Unconfirmed: Fred Gray

Judicial confirmation is a business.  Over the last thirty years, a cottage industry of interest groups, nonprofits, and lobbying agencies have formed to support and oppose judicial candidates.  Behind the rhetoric on both sides, it is sometimes easy to forget that nominees are people: people who are frequently forgotten once their nominations are blocked or defeated.   “Unconfirmed” seeks to revisit nominees who were never confirmed to lifetime appointments, to explore the factors why, and to understand the people involved.  On this Martin Luther King Day, where better to start this series than with one of King’s fellow civil rights leaders, whose rejection for the federal bench was laced with allegations of racism and prejudice: Fred Gray.

When Jimmy Carter was elected Governor of Georgia in 1970, Fred Gray was already one of the most famous civil rights attorneys in the nation.  A native Alabamian, Gray was born in Montgomery in 1930, and grew up in a segregated city.  While attending an all-black school, Gray worked as a “boy preacher”, ministering to interracial crowds throughout his youth.[1]  After graduating from the Alabama State College for Negroes in 1951, Gray found himself barred from admission at an Alabama law school due to his race.  Nevertheless, Gray attended Case Western Reserve School of Law in Ohio, getting a J.D. in 1954, and returning to Montgomery shortly thereafter to fight segregation.

Back in Montgomery, Gray represented Rosa Parks and the Rev. Martin Luther King Jr. in litigation stemming from the Montgomery Bus Boycott in 1955, as well as serving as lead counsel in Browder v. Gayle, which desegregated city buses nationwide.[2]  Gray also represented King in his tax evasion case, securing an acquittal from an all-white jury.[3]  Gray also successfully argued that Alabama State students who were expelled for participating in student sit-ins had their due-process rights violated, and successfully filed to protect marchers seeking to march from Selma to Montgomery in 1965.[4]

Furthermore, Gray also argued on behalf of African Americans at the Supreme Court in Gomillion v. Lightfoot.[5]  Among his other accomplishments, Gray was the leading attorney in successfully desegregating the University of Alabama and Auburn University, despite the opposition of politicians including Gov. George Wallace.[6]  In one of his most notable cases, Gray represented the African American victims of the Tuskegee Syphilis Study.[7]  Finally, in 1970, Gray was the first African American elected to the Alabama legislature, alongside Thomas Reed.[8]

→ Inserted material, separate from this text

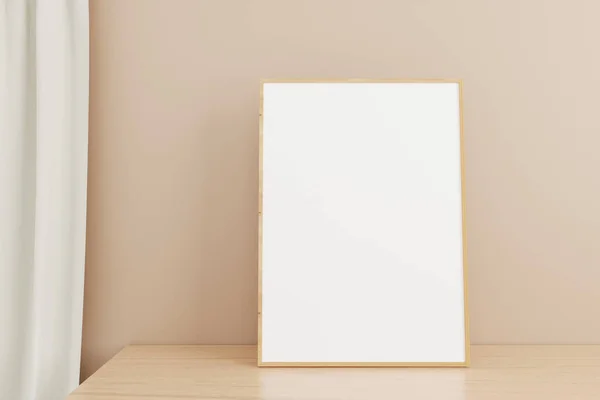 Minimalist Clean Vertical Wooden Poster Photo Frame Mockup Wooden Table — Stock Photo, Image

When Carter was elected president in 1976, he and Attorney General Griffin Bell met with Coretta Scott King and assured her of their commitment to place qualified African American judges on the federal bench.[9]  In 1979, Gray was one of five candidates considered by Carter and Bell for the U.S. Court of Appeals for the Fifth Circuit.[10]  Despite his commitment to King, and Gray’s strong backing from Alabama African American groups, Bell declined to recommend Gray for the seat, ranking him fifth out of the five candidates being considered.[11]  The nomination and the seat instead went to the candidate ranked fourth, a white lawyer named Robert Vance.[12]

Instead, in 1979, Gray was recommended by Alabama Senators Howell Heflin and Donald Stewart (both Democrats) for a seat on the U.S. District Court for the Middle District of Alabama.[13]  However, despite the recommendation, the Carter Administration sat on Gray’s nomination for several months, allegedly due to Bell’s opposition.[14]  It took the personal intervention of Alabama African American power broker Joe Reed to break the impasse and allow Gray to be nominated officially in January 1980.[15]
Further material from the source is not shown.